An important structural change to the ERCOT market was completed on December 1, 2010: the introduction of a nodal market structure (Zarnikau et al 2014a). The DAM was expanded from merely a market for the procurement of operating reserves to also include energy. Similar to the DAM energy markets elsewhere (eg, PJM, New York, New England and California), ERCOT’s DAM matches day-ahead forward energy bids and offers (Zarnikau et al 2014b). Hourly market-clearing DAM energy prices used to settle DAM transactions result from a least-cost dispatch that co-optimizes energy generation with AS and congestion revenue rights.

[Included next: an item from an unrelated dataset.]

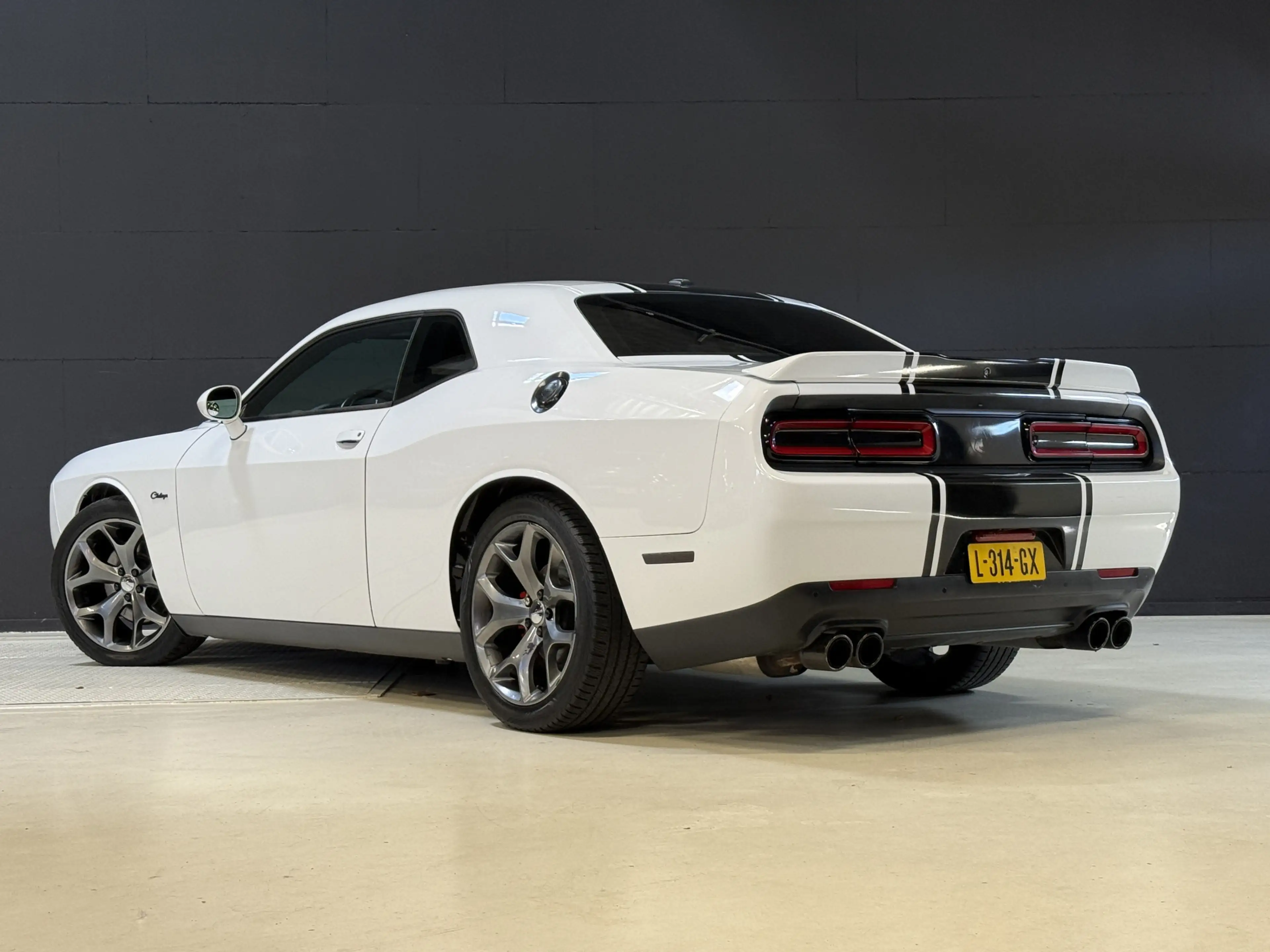 Dodge Challenger DODGE 3.6 V6 | Schuifdak | Camera | Climate Contro — photo 9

Supply offers and bids begin at 06:00 and end at 10:00 on day $t-1$ for ERCOT’s day-ahead price determination. DAM is normally executed between 10:00 and 13:30, and prices for the following day are set around 14:00, though prices may be updated by 18:00 after any needed reliability unit commitment activities are completed.44 4 See ERCOT training module, Module 2: Day-Ahead Operations, available from the ERCOT website. As actual wind generation and total energy demand on day $t$ are not known on day $t-1$, the DAM energy prices for energy and ASs depend, in part, on forecasts of wind generation and load made on day $t-1$ in the 06:00–10:00 window.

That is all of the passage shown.